# My Acer Laptop is Running Way too Slow



## Flasetta (Oct 5, 2009)

Hi Guys. I have an Acer Aspire laptop. I bought it last May 2009. I am not too technical, but I run Malwarebytes on safe mode now and then. I have Microsoft Security Essentials taking care of Anti Spy. I run Superantispy twice a week. I defrag during the night every Sunday. I have everything known to man, updated.
So, could anyone tell me why my laptop is running slowly? I can hardly bring up two browser windows at a time.
If I have the internet radio on, every other page loads so slowly. I have asked my pals about start up programs. That's okay. I have nothing running on the task bar, except my MSE and VW connection. My VW is giving me the right speed etc.
But this laptop is running way to slow. Any ideas guys?
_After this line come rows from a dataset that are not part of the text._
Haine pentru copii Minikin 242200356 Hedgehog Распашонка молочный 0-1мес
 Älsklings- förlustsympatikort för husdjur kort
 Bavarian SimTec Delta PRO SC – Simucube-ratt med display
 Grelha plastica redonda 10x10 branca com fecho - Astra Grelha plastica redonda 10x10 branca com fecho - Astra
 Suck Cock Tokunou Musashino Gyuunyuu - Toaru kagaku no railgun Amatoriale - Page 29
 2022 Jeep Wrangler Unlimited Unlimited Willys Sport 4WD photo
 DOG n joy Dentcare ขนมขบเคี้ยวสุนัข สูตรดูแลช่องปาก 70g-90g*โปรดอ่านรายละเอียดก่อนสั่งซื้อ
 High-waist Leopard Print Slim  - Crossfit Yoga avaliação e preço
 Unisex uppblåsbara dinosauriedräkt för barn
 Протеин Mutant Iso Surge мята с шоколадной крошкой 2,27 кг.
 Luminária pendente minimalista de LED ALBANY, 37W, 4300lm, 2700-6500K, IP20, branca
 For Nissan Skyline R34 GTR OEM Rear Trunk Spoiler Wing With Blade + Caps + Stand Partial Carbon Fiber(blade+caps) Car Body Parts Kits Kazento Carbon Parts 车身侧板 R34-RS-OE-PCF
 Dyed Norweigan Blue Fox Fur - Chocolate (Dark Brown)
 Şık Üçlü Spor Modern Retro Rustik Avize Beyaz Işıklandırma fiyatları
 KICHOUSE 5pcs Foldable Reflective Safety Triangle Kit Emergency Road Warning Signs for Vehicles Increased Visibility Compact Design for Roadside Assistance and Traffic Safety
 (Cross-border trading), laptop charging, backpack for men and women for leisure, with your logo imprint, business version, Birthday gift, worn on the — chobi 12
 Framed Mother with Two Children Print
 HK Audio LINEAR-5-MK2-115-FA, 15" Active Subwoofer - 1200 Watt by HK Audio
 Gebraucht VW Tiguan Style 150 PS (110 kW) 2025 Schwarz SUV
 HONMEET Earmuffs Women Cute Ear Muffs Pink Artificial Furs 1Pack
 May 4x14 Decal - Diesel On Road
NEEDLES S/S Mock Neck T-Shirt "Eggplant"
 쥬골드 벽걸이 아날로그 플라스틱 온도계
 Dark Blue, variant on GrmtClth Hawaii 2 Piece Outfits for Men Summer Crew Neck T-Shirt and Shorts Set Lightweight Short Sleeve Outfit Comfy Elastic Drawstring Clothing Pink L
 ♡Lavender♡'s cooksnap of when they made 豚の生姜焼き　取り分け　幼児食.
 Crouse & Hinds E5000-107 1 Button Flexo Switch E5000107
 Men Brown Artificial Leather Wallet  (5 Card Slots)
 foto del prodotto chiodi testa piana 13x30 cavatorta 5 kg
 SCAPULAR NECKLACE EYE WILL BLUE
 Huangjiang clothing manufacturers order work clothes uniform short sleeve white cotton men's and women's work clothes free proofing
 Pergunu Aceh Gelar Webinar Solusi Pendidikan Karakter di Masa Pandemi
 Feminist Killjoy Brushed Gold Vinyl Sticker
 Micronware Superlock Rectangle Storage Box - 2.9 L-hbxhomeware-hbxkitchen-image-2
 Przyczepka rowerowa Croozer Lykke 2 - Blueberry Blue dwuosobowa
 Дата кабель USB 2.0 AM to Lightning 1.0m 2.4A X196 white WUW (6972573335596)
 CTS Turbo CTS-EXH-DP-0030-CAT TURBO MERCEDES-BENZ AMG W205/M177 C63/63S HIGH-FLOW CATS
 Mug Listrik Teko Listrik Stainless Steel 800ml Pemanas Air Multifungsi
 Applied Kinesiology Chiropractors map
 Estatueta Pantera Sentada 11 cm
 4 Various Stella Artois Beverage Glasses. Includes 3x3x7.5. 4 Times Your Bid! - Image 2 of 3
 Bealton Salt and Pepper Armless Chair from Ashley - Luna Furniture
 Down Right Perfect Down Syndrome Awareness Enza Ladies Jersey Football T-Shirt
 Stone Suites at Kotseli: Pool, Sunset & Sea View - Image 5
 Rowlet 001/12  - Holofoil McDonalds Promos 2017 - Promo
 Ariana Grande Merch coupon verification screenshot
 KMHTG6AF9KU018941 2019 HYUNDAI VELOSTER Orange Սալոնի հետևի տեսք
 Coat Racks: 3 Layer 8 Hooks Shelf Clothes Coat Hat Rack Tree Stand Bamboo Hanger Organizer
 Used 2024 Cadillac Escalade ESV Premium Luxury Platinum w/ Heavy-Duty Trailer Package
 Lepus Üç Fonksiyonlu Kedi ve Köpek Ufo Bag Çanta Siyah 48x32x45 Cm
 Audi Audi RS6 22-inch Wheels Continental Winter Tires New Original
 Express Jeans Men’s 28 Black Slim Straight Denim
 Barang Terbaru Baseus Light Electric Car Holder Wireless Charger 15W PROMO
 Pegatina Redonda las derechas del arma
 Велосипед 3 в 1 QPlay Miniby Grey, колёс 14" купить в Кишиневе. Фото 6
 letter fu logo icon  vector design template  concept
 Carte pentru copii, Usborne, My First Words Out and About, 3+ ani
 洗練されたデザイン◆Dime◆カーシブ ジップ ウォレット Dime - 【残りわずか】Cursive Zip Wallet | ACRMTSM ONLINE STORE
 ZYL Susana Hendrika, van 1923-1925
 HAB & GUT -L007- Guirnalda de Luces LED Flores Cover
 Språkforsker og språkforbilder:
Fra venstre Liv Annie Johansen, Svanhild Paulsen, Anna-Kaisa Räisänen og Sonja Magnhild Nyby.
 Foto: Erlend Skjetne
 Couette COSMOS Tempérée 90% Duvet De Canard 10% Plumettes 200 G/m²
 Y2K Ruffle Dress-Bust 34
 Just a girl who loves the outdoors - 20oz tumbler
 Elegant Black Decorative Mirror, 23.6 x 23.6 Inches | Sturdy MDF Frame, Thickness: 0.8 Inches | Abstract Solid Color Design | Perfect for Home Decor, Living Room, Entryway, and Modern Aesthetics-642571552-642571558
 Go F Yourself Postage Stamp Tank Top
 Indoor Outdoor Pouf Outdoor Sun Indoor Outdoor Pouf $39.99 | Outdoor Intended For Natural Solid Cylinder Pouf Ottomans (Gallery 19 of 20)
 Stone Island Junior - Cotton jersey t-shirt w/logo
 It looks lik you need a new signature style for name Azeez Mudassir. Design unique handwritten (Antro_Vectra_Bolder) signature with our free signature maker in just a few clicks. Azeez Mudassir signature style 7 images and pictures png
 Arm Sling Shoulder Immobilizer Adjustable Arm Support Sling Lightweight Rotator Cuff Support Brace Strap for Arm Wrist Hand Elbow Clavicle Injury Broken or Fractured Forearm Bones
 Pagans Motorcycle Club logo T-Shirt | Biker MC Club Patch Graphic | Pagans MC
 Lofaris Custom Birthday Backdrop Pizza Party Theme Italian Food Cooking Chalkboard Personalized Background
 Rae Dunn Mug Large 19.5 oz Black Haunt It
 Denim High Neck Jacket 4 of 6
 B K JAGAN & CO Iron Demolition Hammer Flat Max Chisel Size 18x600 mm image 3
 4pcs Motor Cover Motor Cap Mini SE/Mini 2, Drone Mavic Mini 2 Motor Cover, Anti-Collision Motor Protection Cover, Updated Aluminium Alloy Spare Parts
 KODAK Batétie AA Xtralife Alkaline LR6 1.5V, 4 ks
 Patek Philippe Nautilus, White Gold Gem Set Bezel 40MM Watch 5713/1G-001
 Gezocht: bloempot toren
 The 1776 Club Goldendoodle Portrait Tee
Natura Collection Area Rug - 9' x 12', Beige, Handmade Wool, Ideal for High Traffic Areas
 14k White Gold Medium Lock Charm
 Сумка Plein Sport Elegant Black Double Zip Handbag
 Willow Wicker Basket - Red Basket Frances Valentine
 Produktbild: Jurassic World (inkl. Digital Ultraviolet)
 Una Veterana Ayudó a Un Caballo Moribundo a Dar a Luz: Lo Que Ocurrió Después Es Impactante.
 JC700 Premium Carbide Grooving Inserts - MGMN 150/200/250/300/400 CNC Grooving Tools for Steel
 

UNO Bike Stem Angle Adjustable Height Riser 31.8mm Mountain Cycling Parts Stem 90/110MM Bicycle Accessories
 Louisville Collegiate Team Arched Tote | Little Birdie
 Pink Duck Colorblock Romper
Thanks.


----------



## joeten (Dec 4, 2008)

Hi try doing a clean booot to troubleshoot http://support.microsoft.com/kb/331796
http://support.microsoft.com/kb/929135


----------



## Flasetta (Oct 5, 2009)

Thanks Joeten. I just got home and am reading the first instruction. Again, t/y. Will let you know.


----------



## Flasetta (Oct 5, 2009)

Mhh, I would say there's not a lot of difference after that JoeTen. I even ewnt to my programs and deleted all those silly ones which I don't use. I just also checked. I have 55% free space. So, I haven't a clue


----------



## night_shift (Sep 8, 2009)

Hello Flasetta

I'm more of a hardware man than a software man, but I have heard that MSE can cause performance issues just as you have described.

Try disabling MSE and see if it makes a difference. Malwarebytes and Superantispy, I'm going to assume they are the free version and like you run whenever possible (good free version tools, I'm a manual but regular kind of guy) . If they are the full version with real time protection, try disabling them see what happens.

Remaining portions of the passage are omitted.